While federal and state funding and incentives can
help get startups off the ground, the key to creating a favorable
climate for successful incubation, just as in politics, may lie at the
local level. "Successful incubation is all about connections, and those
happen best at the local level," said Melinda Ailes, a senior business
adviser at the Massachusetts Small Business Development Center. "States
do their part, but when you look at the best incubators, they break down
more by region."
Still, Ailes and others say states can help create
the right environment for incubation to take place through favorable tax
policies and through direct investment in research within universities.
"Government has a role in encouraging early-stage investing and giving
venture capitalists the confidence to invest in those very early ideas
that aren't really businesses yet," said Abigail Barrow, founding
director of the Massachusetts Technology Transfer Center.
Ailes said incubators serve three main functions,
with function No. 1 being to provide cheap space for startups and
function No. 2 to provide a range of support services. Both are often
provided through links with area universities. "The third and most
important is providing connections or access to capital. Not necessarily
capital itself, but those important connections," she said. "There are
so many government and quasi-government agencies out there that are
offering funding, it takes a concerted effort to connect the right
source with the company that qualifies and needs the funding. That's one
place where government can definitely play a role."
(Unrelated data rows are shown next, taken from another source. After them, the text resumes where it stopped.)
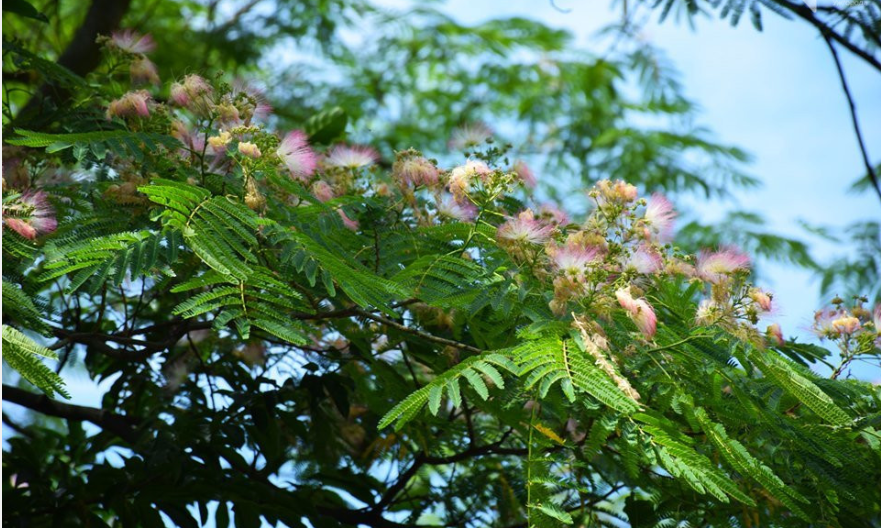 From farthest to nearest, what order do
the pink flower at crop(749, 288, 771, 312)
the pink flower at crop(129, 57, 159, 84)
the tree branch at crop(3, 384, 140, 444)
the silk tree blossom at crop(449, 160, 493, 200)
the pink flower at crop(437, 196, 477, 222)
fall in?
the tree branch at crop(3, 384, 140, 444) → the pink flower at crop(129, 57, 159, 84) → the pink flower at crop(437, 196, 477, 222) → the silk tree blossom at crop(449, 160, 493, 200) → the pink flower at crop(749, 288, 771, 312)

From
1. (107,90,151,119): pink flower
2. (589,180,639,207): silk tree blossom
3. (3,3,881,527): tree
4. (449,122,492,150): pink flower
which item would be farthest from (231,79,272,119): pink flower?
(589,180,639,207): silk tree blossom

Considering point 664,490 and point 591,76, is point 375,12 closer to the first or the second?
point 591,76

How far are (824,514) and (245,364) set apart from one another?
1630 mm

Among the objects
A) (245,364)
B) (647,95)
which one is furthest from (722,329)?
(647,95)

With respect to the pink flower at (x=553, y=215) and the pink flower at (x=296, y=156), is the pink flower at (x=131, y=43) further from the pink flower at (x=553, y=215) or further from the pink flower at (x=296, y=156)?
the pink flower at (x=553, y=215)

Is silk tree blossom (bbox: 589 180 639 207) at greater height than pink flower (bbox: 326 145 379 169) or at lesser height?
lesser

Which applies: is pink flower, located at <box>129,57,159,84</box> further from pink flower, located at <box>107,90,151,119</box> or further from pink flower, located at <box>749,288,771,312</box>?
pink flower, located at <box>749,288,771,312</box>

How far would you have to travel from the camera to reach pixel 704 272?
2309 mm

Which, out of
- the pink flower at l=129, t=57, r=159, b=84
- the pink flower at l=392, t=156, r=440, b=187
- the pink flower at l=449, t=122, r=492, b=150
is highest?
the pink flower at l=129, t=57, r=159, b=84

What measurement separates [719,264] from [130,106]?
4.36ft

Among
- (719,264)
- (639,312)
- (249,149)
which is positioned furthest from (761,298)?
(249,149)

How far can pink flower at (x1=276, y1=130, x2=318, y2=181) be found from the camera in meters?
2.45

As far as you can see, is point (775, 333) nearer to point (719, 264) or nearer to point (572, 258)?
point (719, 264)

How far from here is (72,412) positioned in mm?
2994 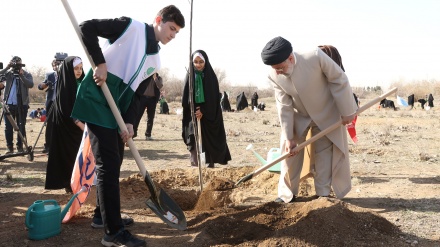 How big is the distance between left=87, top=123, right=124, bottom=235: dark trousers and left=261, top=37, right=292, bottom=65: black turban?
1.55 metres

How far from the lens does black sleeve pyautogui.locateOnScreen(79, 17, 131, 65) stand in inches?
114

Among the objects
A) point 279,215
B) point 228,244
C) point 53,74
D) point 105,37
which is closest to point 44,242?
point 228,244

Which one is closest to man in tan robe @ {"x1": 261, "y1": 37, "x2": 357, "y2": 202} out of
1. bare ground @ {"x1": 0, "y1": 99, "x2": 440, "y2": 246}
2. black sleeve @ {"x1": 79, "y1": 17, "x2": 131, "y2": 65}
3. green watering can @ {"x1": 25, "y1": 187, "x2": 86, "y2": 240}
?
bare ground @ {"x1": 0, "y1": 99, "x2": 440, "y2": 246}

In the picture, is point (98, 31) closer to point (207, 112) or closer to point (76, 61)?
point (76, 61)

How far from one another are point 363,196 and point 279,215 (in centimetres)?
172

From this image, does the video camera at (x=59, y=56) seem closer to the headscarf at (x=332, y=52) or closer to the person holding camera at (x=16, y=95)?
the person holding camera at (x=16, y=95)

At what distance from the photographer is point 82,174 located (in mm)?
3770

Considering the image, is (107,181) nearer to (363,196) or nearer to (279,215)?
(279,215)

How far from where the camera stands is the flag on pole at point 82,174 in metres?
3.71

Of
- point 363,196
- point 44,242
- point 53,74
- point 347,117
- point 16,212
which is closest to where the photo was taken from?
point 44,242

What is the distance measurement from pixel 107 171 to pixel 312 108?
220 cm

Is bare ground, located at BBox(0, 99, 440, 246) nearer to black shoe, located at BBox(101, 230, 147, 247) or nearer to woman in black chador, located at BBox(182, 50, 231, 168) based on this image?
black shoe, located at BBox(101, 230, 147, 247)

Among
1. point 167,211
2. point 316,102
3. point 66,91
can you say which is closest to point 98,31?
point 167,211

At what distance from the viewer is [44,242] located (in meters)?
3.33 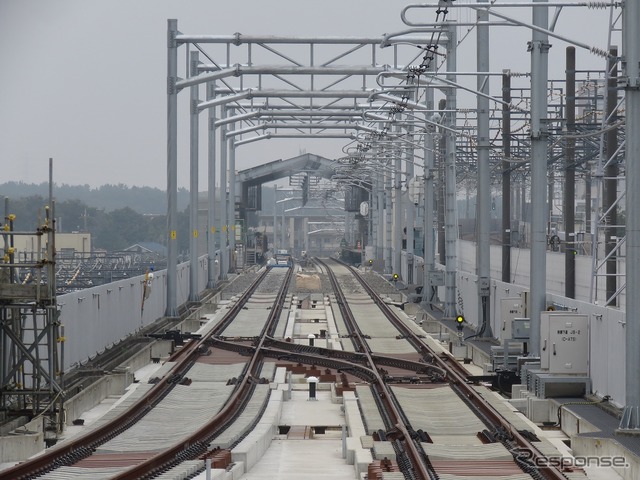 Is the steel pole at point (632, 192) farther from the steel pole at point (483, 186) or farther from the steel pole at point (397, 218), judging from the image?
the steel pole at point (397, 218)

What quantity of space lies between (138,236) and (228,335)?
8802 cm

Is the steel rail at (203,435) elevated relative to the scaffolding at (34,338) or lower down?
lower down

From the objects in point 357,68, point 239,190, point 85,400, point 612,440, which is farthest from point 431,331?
point 239,190

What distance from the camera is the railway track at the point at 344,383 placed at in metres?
14.9

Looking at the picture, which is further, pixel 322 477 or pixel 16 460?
pixel 16 460

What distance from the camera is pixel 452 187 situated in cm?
3806

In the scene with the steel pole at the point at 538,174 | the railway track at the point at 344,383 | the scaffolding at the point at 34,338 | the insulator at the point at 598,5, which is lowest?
the railway track at the point at 344,383

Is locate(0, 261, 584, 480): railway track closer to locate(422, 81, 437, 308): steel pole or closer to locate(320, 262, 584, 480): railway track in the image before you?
locate(320, 262, 584, 480): railway track

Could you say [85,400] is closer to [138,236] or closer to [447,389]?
[447,389]

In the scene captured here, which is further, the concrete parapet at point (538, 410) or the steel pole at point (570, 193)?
the steel pole at point (570, 193)

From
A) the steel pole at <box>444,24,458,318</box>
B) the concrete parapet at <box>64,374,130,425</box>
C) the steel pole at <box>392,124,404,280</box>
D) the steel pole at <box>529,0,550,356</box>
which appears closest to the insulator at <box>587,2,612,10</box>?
the steel pole at <box>529,0,550,356</box>

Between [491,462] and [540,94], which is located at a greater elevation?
[540,94]

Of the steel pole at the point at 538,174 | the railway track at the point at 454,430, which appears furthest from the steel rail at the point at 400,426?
the steel pole at the point at 538,174

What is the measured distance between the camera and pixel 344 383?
24.0 metres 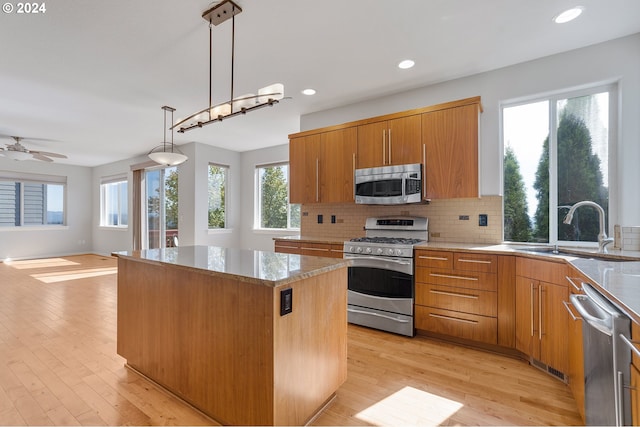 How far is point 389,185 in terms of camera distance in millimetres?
3303

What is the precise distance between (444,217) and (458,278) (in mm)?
862

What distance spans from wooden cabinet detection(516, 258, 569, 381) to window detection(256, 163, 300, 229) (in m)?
4.04

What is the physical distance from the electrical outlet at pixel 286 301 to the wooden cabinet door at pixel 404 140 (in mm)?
2289

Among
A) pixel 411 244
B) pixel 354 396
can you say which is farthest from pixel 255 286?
pixel 411 244

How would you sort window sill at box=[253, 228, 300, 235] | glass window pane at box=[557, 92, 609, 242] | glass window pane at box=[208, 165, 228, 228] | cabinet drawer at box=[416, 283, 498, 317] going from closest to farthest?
1. cabinet drawer at box=[416, 283, 498, 317]
2. glass window pane at box=[557, 92, 609, 242]
3. window sill at box=[253, 228, 300, 235]
4. glass window pane at box=[208, 165, 228, 228]

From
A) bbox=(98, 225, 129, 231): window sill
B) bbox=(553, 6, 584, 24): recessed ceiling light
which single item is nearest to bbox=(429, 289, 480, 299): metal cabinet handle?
bbox=(553, 6, 584, 24): recessed ceiling light

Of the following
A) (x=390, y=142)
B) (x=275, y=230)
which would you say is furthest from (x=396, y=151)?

Not just a N.E. phenomenon
Outside New England, many states have seen the value of supporting
incubators and partnering with private sector parties to help them
thrive.
The Georgia Research Alliance, for instance, has
helped create 125 new companies in recent years, with some $400 million
in direct state funding helping to attract nearly $2 billion in federal
and private funds. The North Carolina Research Triangle Park, often seen
as a competitor with the Boston region in the life sciences, also has a
number of thriving incubators supported by public and private
partnerships.
While some states have put direct financial
incentives in place, Barrow said tax incentives may have limited value
for the earliest stage businesses. One popular technique, offering a tax
break for investing in research and development, for instance, may not
help a business that is still too new to have revenue and therefore tax
exposure.
One innovative twist on that idea is a program in
place in Canada and some states that makes R&D tax credits transferable,
enabling startups to use them to help gain operating capital by selling
them to larger companies. Such a plan has been floated in Massachusetts
and is gaining momentum once again.
Barrow, meanwhile, agreed that with incubators,
location is key. "Having regional incubators in the right places is a
must," she said. "Starting a new incubator in Cambridge might not make
that big of an impact because there's already a considerable critical
mass there, but having incubators in places like Worcester and Fall
River -- there they can be far more important."
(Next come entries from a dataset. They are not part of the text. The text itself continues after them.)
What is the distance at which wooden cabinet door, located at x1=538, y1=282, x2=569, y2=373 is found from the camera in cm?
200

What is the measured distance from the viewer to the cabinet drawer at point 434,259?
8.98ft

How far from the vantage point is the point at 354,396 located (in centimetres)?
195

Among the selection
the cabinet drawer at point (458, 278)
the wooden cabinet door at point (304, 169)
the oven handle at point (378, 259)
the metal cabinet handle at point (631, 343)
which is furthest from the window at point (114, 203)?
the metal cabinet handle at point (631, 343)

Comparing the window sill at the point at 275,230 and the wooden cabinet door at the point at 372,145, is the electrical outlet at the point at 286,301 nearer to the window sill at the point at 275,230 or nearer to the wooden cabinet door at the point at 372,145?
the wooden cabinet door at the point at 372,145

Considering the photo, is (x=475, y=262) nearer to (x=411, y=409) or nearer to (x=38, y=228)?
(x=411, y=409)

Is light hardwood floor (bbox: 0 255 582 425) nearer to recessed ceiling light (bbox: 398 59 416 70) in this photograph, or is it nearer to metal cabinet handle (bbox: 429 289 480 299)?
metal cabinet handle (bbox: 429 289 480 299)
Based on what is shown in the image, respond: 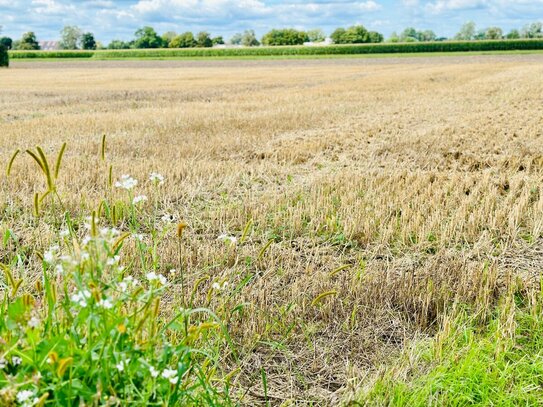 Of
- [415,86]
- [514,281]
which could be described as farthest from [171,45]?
[514,281]

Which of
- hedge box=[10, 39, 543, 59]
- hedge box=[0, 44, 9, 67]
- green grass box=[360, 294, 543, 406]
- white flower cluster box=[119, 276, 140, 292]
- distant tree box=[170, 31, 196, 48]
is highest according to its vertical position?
distant tree box=[170, 31, 196, 48]

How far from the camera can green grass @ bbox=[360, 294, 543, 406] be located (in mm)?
2807

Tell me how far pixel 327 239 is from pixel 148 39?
155 meters

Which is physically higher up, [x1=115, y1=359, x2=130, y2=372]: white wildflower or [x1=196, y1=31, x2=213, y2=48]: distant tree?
[x1=196, y1=31, x2=213, y2=48]: distant tree

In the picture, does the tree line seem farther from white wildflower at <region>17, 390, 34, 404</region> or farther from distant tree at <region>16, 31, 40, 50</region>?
white wildflower at <region>17, 390, 34, 404</region>

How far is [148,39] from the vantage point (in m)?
152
The importance of being local is seen in incubator growth elsewhere
in New England, as well. In Vermont, for instance, the Vermont Business
Incubator Network will eventually consist of 10 different local
incubators, a network covering most of the state and anchored by the
Vermont Center for Emerging Technologies (VCET), located on the campus
of the University of Vermont in Burlington.
VCET director Thomas Rainey said in addition to low-cost but
high-tech lab and office space, the incubators provide early-stage
support and access to a range of government and private programs -- many
of which a firm would be hard-pressed to tap into on its own -- with
funding and assistance coming from the Vermont Technology Council, the
Department of Economic Development, the Vermont Business Roundtable,
federal resources and universities and colleges.
"Incubators are most effective when everyone is on board," Rainey
said, including state agencies, the private sector and higher
educational institutions.
Ailes, whose work takes her into contact with incubator firms in the
Fall River-New Bedford area as well as one in Springfield, said states
can also help by providing a pool of funding to get companies to the
point where venture capitalists will take a stake. This gap funding
comes from many sources and states that offer the assistance often found
in incubators are those that grow the most new businesses, she added.
Barrow, meanwhile, said in the end, any business-friendly policy will
help assist in the creation of new startups. Large companies are more
likely to invest in and partner with local startups and can become the
vehicles for commercializing technology transferred out of research
labs.
"You need to be able to attract as many of the big businesses as you
can because when you have them in the area, that's when the connections
start to get made," she said. "You need that ecosystem of large
companies that can make deals with startups and network with them and
help them start to grow."
Keith Regan is a freelance writer in Grafton.